Japanese currency authorities minced few words as the Asian market opened on Wednesday, warning speculators of “strict action” as the yen (JPY) shows no signs of paring some of its 7.7 percent loss since its 14 July 2023 peak.
Almost immediately, the Chinese central bank made similar noise as the yuan (CNY), down 6.2 percent since its 4 May 2023, has reached its lowest trading level since 2007.
That’s not all. Bloomberg recently reported that Taiwan actively intervened in the market by selling dollars for the first time in a year this August to support its currency, the new Taiwanese dollar (TWD). Also, Thailand’s central bank has warned that further drops in the baht will force it to intervene as well.
The triple jeopardy of the dollar and oil rising at the same time, just when China faces a 2008-like deflationary scenario, is putting added pressure on Asian FX and delaying the case for monetary easing amid fears of a wider and deeper currency crisis. Elevated interest rates will, of course, diminish the appeal of local currency bonds, which explains why Indonesian and Thai bonds are seeing foreign outflows this month (Bloomberg).
Elsewhere, the British pound (GBP) and euro (EUR) are also at their lowest levels in at least a quarter as traders bet on the European Central Bank (ECB) cutting rates sooner and faster than the Fed because the fallout of the Ukraine war, among other things, is stagflating the eurozone’s leading economies.

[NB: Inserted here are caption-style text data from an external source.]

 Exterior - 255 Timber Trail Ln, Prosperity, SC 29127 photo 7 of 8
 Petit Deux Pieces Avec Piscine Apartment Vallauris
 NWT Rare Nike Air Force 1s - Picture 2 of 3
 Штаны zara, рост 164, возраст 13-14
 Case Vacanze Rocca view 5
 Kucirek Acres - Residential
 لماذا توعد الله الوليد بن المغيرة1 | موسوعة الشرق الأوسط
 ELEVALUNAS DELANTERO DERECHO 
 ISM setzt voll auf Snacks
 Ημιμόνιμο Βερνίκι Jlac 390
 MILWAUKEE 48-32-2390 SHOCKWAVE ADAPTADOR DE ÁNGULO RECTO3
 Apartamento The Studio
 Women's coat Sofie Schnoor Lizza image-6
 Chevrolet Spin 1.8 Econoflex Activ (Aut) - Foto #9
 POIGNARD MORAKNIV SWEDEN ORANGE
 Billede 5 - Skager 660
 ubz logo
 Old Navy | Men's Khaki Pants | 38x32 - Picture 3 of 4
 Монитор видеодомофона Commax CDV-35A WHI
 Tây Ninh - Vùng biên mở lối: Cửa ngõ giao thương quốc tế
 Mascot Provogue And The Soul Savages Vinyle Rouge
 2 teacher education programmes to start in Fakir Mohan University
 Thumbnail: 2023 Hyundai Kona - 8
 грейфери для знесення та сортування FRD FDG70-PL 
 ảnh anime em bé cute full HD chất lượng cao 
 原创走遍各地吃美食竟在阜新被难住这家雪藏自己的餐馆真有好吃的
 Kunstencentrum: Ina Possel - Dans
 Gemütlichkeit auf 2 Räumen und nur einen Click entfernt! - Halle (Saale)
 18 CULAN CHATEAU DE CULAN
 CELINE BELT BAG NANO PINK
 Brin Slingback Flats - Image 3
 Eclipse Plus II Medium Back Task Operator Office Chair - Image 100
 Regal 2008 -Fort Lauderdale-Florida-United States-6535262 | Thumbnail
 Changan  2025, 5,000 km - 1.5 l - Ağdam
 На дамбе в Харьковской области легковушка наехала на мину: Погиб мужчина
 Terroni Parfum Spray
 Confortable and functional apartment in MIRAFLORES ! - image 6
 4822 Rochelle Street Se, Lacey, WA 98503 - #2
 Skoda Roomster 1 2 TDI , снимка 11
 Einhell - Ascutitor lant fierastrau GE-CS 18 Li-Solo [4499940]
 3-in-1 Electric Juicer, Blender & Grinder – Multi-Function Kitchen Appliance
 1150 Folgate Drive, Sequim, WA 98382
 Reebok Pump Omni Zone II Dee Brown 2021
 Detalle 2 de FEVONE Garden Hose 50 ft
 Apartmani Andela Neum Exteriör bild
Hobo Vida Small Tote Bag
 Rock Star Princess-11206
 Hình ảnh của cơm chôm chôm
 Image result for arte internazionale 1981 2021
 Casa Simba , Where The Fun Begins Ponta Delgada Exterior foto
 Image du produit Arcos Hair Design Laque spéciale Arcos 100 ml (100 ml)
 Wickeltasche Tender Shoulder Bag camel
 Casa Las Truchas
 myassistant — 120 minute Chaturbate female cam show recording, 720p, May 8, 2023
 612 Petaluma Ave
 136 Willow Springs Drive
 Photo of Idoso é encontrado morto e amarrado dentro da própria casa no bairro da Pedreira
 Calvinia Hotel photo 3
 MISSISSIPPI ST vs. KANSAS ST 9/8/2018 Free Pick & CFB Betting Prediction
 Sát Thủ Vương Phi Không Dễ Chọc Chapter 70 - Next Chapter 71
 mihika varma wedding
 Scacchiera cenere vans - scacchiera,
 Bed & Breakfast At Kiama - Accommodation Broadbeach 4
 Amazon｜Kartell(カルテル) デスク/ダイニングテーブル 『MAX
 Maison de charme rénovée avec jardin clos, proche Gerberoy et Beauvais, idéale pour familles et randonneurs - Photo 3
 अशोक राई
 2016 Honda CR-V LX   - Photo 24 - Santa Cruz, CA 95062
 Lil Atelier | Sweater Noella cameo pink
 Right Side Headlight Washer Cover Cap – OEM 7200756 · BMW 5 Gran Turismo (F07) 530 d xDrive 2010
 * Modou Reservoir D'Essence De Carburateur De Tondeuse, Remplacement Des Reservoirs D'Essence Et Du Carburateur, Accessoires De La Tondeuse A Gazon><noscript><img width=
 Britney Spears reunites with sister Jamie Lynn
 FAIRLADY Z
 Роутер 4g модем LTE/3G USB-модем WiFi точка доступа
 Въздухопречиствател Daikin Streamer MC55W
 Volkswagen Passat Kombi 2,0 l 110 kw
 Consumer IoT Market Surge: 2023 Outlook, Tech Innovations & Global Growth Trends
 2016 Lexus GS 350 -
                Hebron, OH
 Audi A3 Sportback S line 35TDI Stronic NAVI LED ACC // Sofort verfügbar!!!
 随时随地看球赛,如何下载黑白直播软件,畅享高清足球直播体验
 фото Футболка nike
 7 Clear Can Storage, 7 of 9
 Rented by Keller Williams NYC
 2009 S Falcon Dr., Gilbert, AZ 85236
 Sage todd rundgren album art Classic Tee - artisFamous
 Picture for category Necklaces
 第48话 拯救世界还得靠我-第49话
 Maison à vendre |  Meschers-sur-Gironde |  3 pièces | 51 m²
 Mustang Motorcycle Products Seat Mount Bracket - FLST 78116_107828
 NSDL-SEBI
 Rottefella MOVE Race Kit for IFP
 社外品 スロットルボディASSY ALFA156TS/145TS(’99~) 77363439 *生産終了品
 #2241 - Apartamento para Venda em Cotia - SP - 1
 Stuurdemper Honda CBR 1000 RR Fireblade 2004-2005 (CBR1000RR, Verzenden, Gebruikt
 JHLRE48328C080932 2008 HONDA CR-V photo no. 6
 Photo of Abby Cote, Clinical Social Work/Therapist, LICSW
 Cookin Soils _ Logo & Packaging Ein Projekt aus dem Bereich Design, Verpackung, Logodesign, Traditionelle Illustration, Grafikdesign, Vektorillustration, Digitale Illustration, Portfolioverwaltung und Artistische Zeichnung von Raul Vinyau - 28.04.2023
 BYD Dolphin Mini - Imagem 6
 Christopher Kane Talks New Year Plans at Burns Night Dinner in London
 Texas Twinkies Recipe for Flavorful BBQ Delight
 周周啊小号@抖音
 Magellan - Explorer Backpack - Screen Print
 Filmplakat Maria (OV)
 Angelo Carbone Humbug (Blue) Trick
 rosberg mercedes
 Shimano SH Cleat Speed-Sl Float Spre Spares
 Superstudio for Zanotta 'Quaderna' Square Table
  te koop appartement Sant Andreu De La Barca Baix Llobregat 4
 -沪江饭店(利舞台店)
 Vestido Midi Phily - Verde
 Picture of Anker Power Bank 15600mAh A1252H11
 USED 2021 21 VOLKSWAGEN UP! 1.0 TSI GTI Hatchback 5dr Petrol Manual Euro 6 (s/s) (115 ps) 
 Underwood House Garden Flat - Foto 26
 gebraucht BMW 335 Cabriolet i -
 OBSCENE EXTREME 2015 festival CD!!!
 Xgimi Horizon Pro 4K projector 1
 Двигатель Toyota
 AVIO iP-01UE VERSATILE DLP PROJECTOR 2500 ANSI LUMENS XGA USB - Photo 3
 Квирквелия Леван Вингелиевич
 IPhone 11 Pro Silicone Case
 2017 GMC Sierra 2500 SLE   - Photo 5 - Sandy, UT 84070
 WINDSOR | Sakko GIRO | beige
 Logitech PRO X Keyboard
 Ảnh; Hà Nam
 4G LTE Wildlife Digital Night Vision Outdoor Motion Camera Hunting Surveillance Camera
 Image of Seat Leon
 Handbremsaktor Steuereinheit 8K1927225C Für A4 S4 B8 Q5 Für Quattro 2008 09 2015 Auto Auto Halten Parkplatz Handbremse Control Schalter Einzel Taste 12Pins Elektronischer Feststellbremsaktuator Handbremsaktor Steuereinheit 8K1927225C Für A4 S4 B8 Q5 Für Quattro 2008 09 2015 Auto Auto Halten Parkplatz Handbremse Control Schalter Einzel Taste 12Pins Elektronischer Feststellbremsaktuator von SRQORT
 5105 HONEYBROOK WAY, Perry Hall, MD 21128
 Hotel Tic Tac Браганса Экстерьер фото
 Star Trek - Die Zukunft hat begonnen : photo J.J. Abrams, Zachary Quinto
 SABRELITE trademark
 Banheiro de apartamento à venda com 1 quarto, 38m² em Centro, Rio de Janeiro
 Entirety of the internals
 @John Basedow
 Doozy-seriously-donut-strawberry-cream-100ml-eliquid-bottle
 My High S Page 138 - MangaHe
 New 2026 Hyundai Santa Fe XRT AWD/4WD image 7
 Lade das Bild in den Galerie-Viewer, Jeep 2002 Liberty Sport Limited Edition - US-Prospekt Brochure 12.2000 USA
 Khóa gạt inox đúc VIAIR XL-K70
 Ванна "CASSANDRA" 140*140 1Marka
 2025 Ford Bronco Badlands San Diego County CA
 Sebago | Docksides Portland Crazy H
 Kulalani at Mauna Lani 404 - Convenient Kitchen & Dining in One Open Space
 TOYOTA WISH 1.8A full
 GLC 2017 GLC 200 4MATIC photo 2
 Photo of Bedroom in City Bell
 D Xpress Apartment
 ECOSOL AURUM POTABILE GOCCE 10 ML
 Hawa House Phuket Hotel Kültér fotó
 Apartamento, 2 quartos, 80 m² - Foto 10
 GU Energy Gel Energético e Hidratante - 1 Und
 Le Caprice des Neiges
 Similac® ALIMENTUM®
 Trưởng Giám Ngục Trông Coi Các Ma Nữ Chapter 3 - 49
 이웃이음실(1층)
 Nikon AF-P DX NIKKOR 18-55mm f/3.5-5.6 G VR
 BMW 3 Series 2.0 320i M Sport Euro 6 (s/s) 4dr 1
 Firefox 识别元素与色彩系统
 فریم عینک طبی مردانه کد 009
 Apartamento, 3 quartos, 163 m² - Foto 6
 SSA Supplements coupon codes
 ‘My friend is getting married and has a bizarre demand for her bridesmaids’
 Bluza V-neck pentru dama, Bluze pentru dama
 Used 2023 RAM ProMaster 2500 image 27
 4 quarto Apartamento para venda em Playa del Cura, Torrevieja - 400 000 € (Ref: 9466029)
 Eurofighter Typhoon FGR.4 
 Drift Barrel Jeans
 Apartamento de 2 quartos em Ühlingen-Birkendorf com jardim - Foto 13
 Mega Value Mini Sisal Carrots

This gives the dollar further potential upside as a weak China, weaker EU and stalling emerging Asia make Uncle Sam’s greenback the safest haven for big money. There are also reports that the big boys of global FX are reversing bets against the dollar, which piled on as its earlier weakness gave the impression that it was overbought.
It’s no surprise that PKR has been the worst performer even in the dismal Asian FX market, dropping almost 12 percent since mid-July – Indian rupee (INR) has depreciated less than 2 percent in this time.
This is significant since the caretaker government has just been denied any sort of tax and/or subsidy leverage in energy tariffs, which means it can offer no relief to angry, bill-burning protesters who threaten the kind of uprising that this country’s never seen before.
PKR’s weakness will continue to make things worse because the dollar price of essential commodities like oil and energy is higher in some neighbouring countries, but the rupee rate is pushing them out of reach of most people in times of record inflation and unemployment.
Let’s not forget that unlike most other countries, we’ve managed local currency weakness on our own. The rupee went through the floor even when the dollar wasn’t flying at dizzying heights. Now, with more downward pressure on the local rupee, and further upward pressure on energy and oil prices, and of course, interest rates, how much longer will the central bank have to raise rates to try and check inflation that stems from structural weakness in capital markets, the farthest thing from runaway aggregate demand?